Why this strange execution time

I am using this sorting algorithm:

def merge(L,R):
    """Merge 2 sorted lists provided as input
    into a single sorted list
    """
    M = [] #Merged list, initially empty
    indL,indR = 0,0 #start indices
    nL,nR = len(L),len(R)

    #Add one element to M per iteration until an entire sublist
    #has been added
    for i in range(nL+nR):
        if L[indL]<R[indR]:
            M.append(L[indL])
            indL = indL + 1
            if indL>=nL:
                M.extend(R[indR:])
                break
        else:
            M.append(R[indR])
            indR = indR + 1
            if indR>=nR:
                M.extend(L[indL:])
                break
    return M

def func(L_all):

    if len(L_all)==1:
        return L_all[0] 
    else:
        L_all[-1] = merge(L_all[-2],L_all.pop())
        return func(L_all)

merge() is the classical merge algorithm in which, given two lists of sorted numbers, it merges them into a single sorted list, it has a linear complexity.
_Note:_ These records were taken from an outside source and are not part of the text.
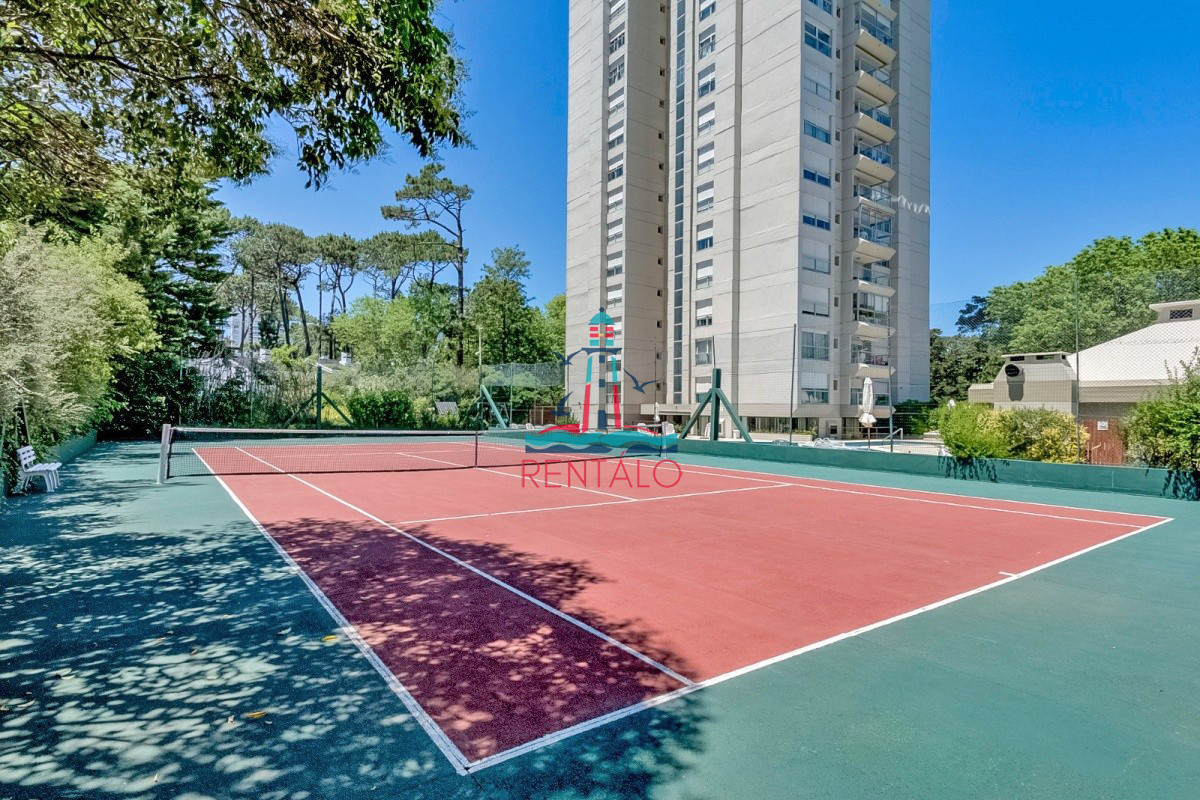 Apartamento ID.108 - Venta Apartamento en Punta del Este 2 dormitorios Parquemar Bosque Totalmente Reciclado Zona Roosevelt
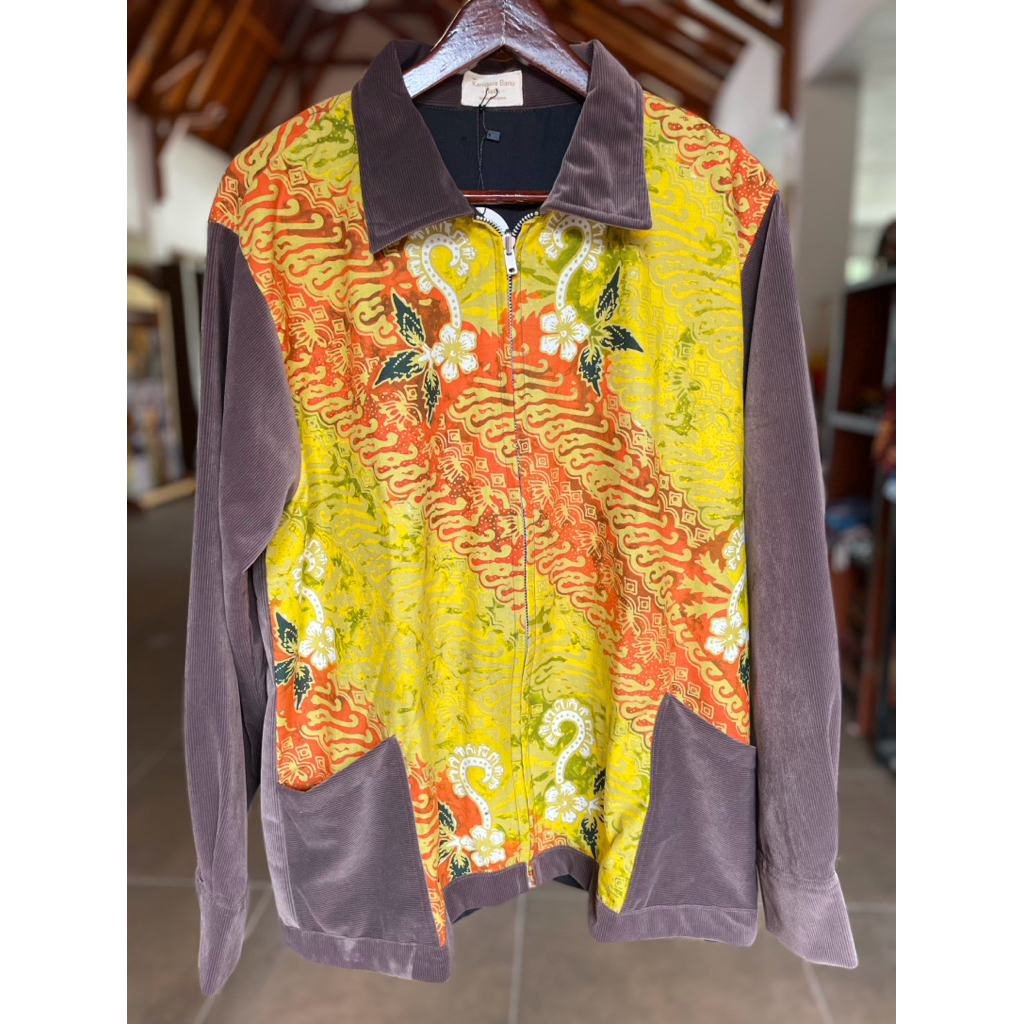 Jaket Beludru Kombinasi Batik Cap Asli Banyuwangi – Outer Batik Wanita Pria Etnik Premium Motif Khas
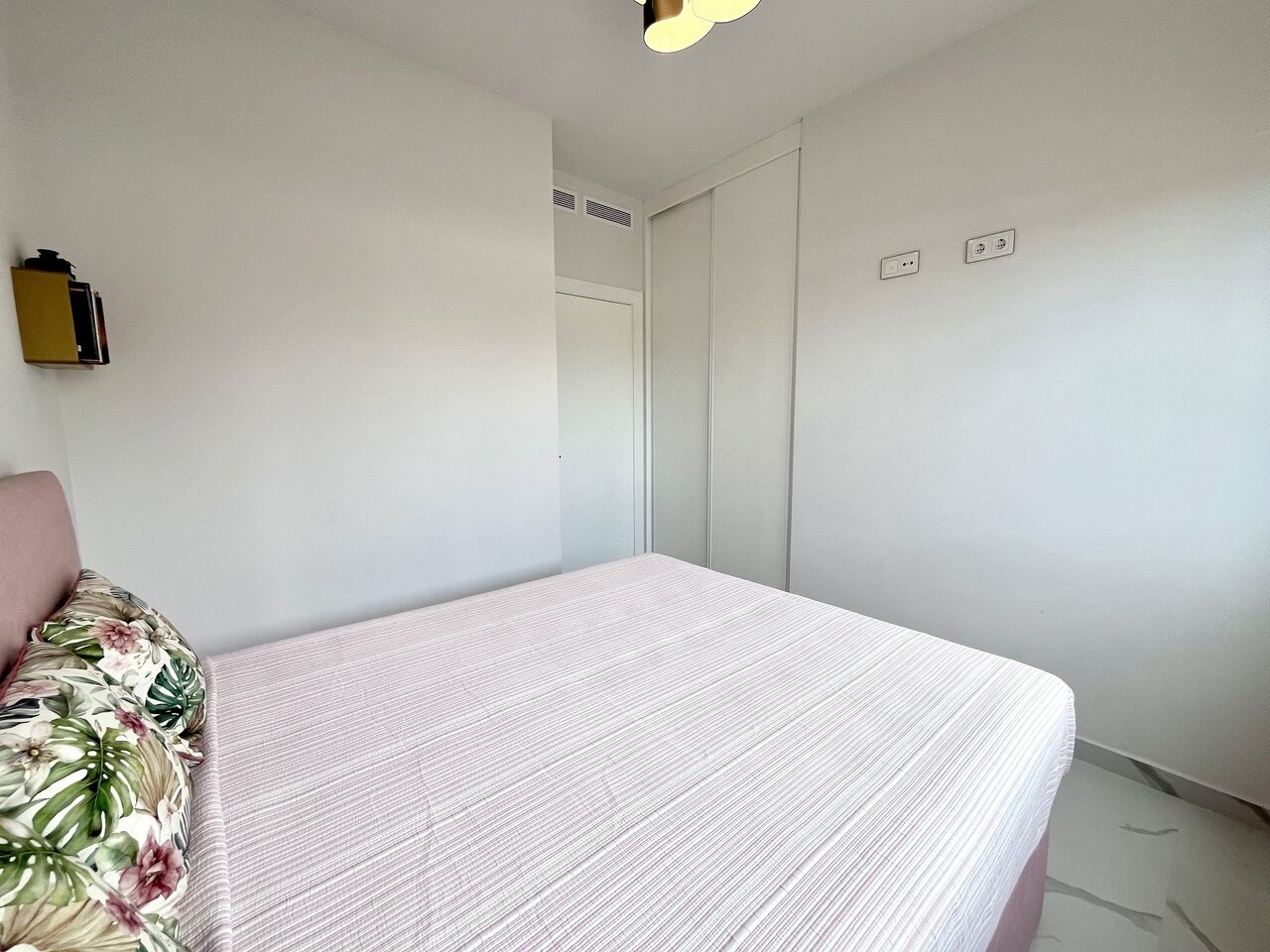 2-Bedroom Apartment in San Miguel de Salinas - Image 14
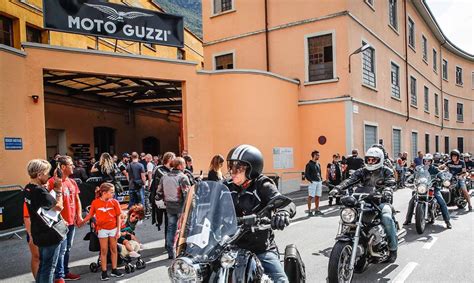 Vista esterna dello stabilimento Moto Guzzi a Mandello del Lario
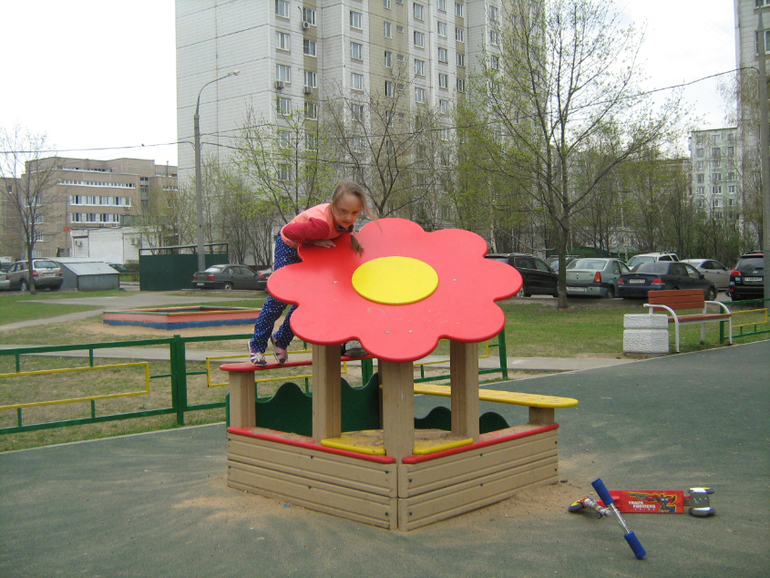 Вика на детской площадке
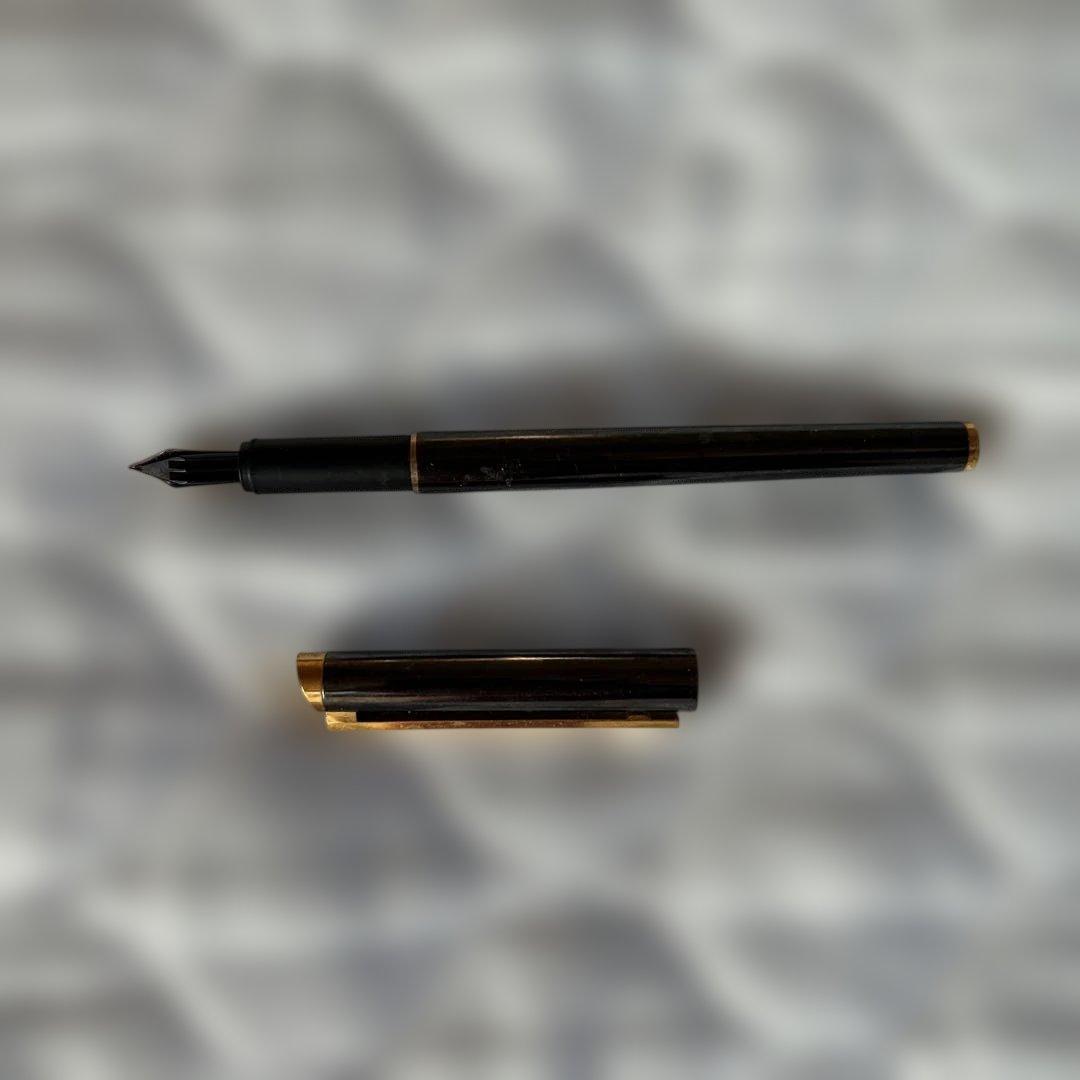 本日価格Dunhill 黒色 金属製 万年筆 ゴールドアクセント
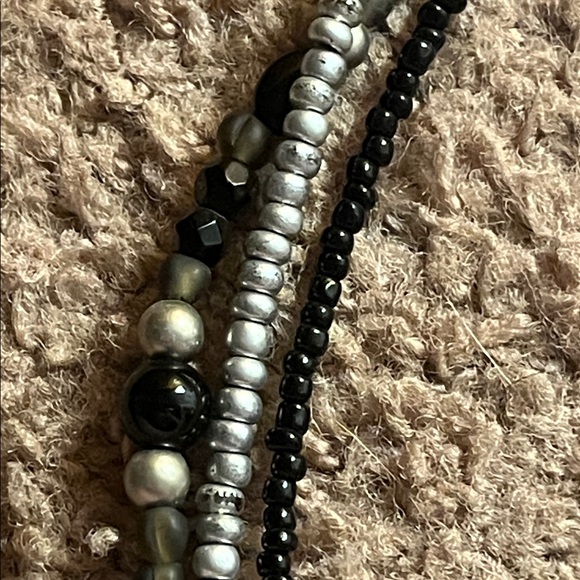 Elegant Black and Silver Beaded Necklace - Picture 4 of 4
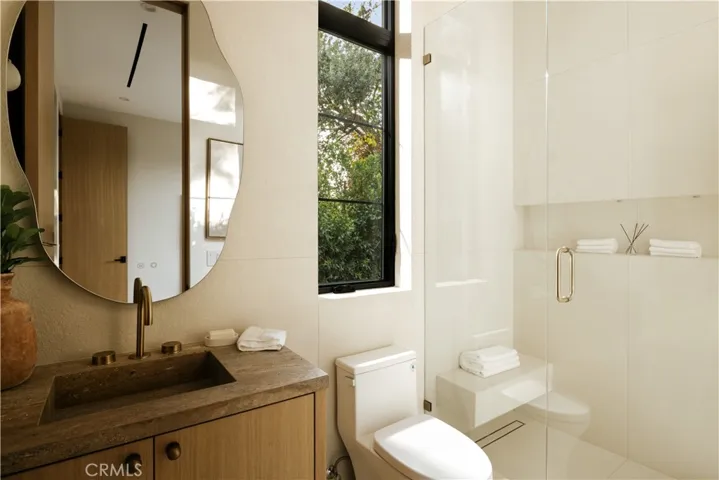 23338 Collins Street, Woodland Hills, California 91367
An example of input is L_all = [[1,3],[2,4],[6,7]], a list of N sorted lists. The algorithm applies merge to the last elements of the list until there is just one element in the list, which is sorted. I have evaluated the execution time for different N, using constant length for the lists inside the list and I have obtained an unexpected pattern. The algorithm has a linear complexity but the execution time is constant, as you can see in the graph enter image description here

What could be the explanation of the fact that the execution time does not depend on N?.

Upvotes: 0

Views: 72

Answers (1)

John Coleman
John Coleman

Reputation: 52008

You haven't shown your timing code, but the problem is likely to be that your func mutates the list L_all so that it becomes a list of length 1, containing a single sorted list. After the first call func(L_all) in timeit, all subsequent calls don't change L_all at all. Instead, they just instantly return L_all[0]. Rather than 100000 calls to L_all for each N in timeit , you are in effect just doing one real call for each N. Your timing code just shows that return L_all[0] is O(1), which is hardly surprising.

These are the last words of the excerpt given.